* [EXERCISE GOAL] Please restate the records that follow exactly, skipping their images.

Data extracted from a collection
>>>

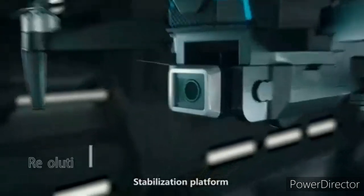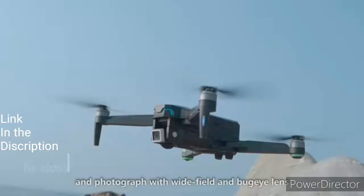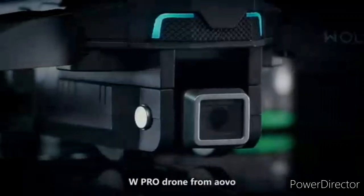Stabilization platform and high performance image processor make more stable shooting. Shooting ultra high definition 4K videos and photographs with wide field and bug-eye lens. W Pro drone from AOVA — your own private drone.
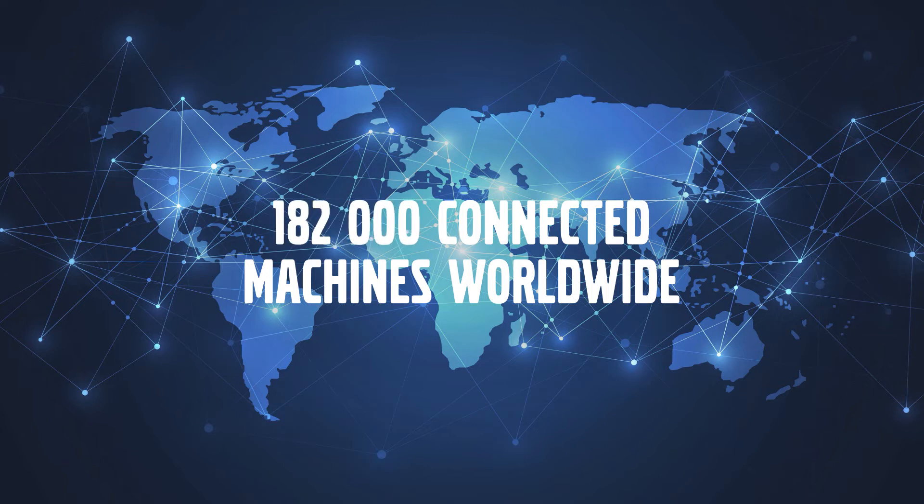A key in this, obviously, is that connectivity is very essential for this flow and process to happen. Connectivity is part of Volvo CE strategy and we are fully focused on that. Today we have 182,000 connected machines worldwide, and in region Europe and international the number is 70,000 — so quite a lot.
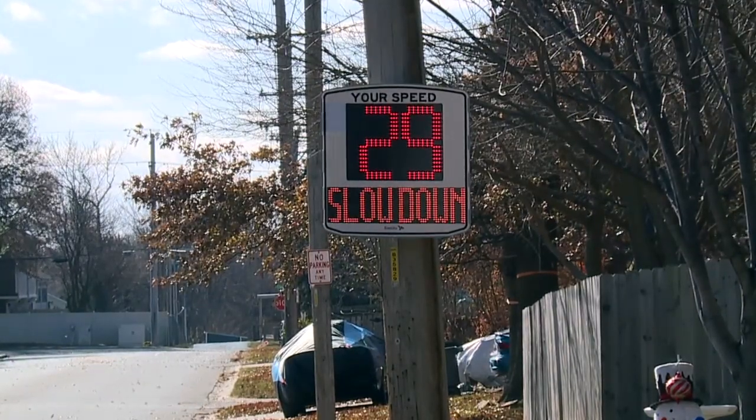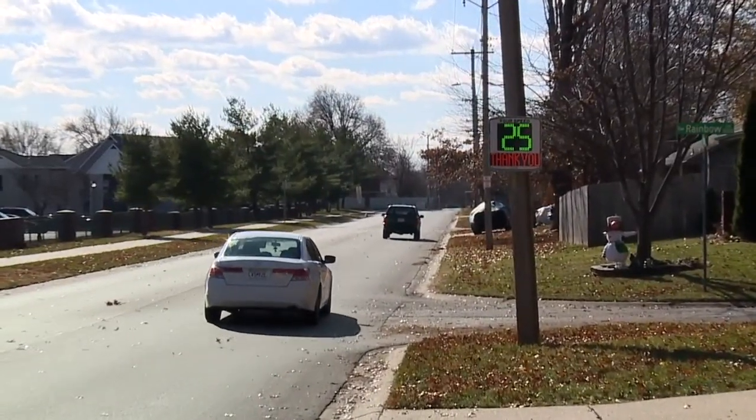We are using convenience and technology to help keep the citizens of Blue Springs safe on our roads. I'm Sergeant Claxton asking you to slow down and take your time.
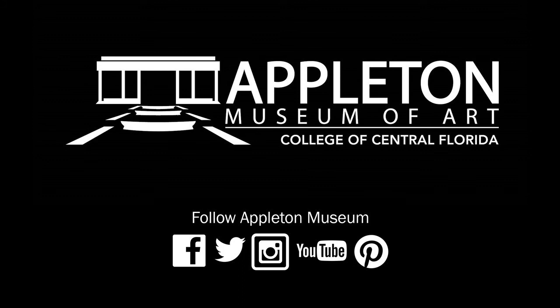Thank you so much for listening, and I hope you join us for more Art Minutes soon. Make sure you follow us on Facebook, Twitter, and Instagram.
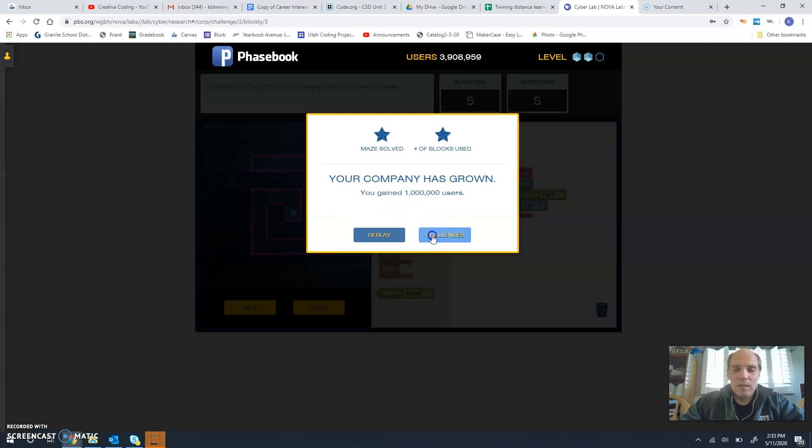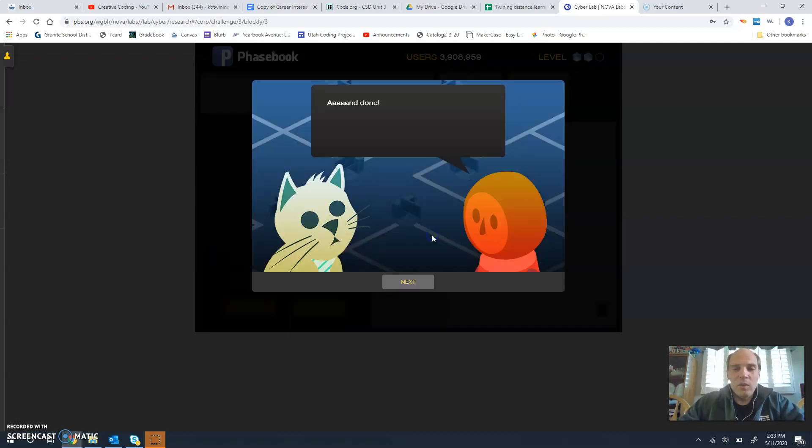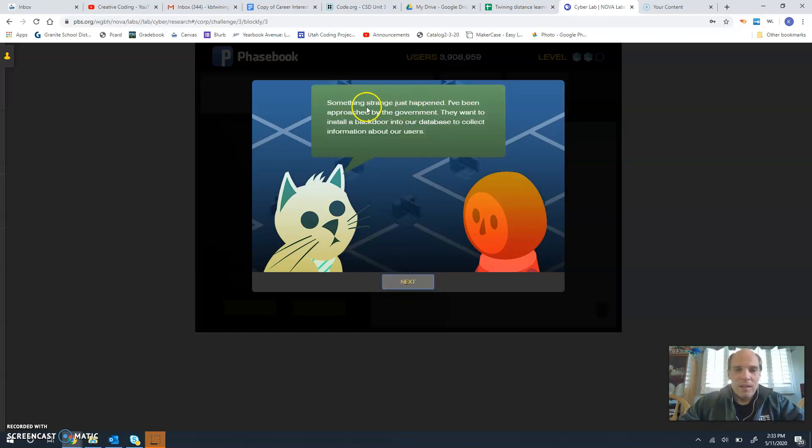This completes the three coding challenges. I've only done the coding section together with you. You'll have to go through and do the password and the social engineering sections as well. So there you have it — those are the three challenges. Hope this was helpful.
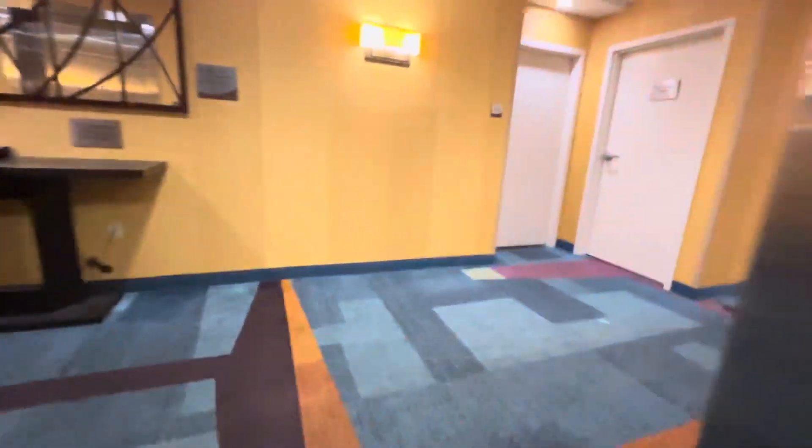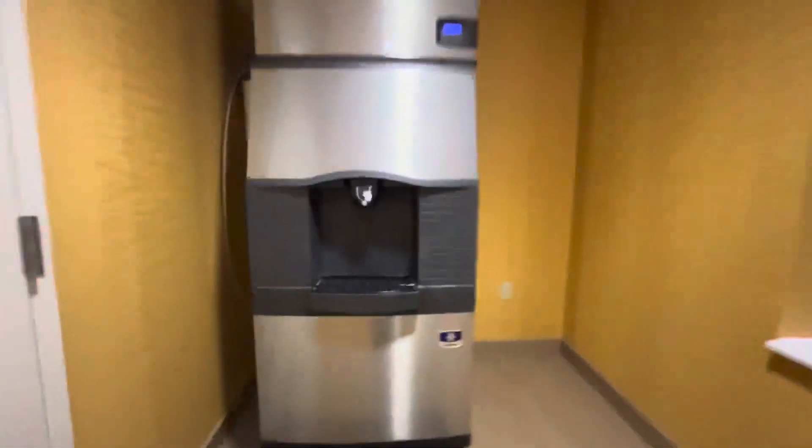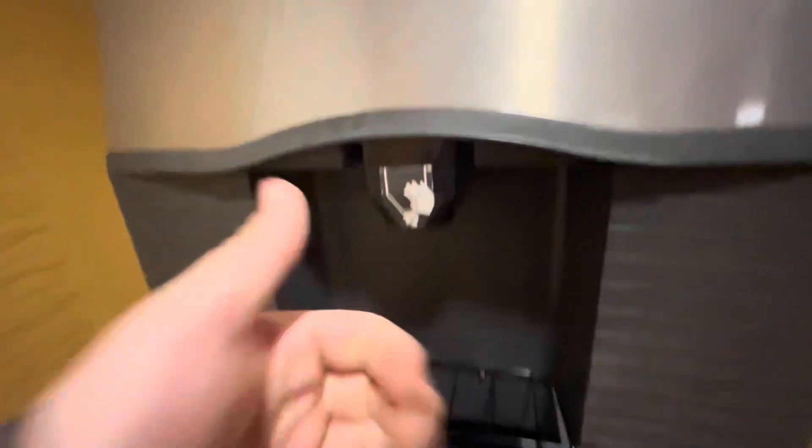Oh, that did not sound good. Oh, ladies and gentlemen. It's a very nice hotel. Most Newark Fairfields are. Let me show you what's going on here before I do this. And that's it.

<<<

* [SOLUTION TO THIS EXERCISE]
Stabilization platform and high performance image processor make more stable shooting. Shooting ultra high definition 4K videos and photographs with wide field and bug-eye lens. W Pro drone from AOVA — your own private drone.
A key in this, obviously, is that connectivity is very essential for this flow and process to happen. Connectivity is part of Volvo CE strategy and we are fully focused on that. Today we have 182,000 connected machines worldwide, and in region Europe and international the number is 70,000 — so quite a lot.
We are using convenience and technology to help keep the citizens of Blue Springs safe on our roads. I'm Sergeant Claxton asking you to slow down and take your time.
Thank you so much for listening, and I hope you join us for more Art Minutes soon. Make sure you follow us on Facebook, Twitter, and Instagram.
This completes the three coding challenges. I've only done the coding section together with you. You'll have to go through and do the password and the social engineering sections as well. So there you have it — those are the three challenges. Hope this was helpful.
Oh, that did not sound good. Oh, ladies and gentlemen. It's a very nice hotel. Most Newark Fairfields are. Let me show you what's going on here before I do this. And that's it.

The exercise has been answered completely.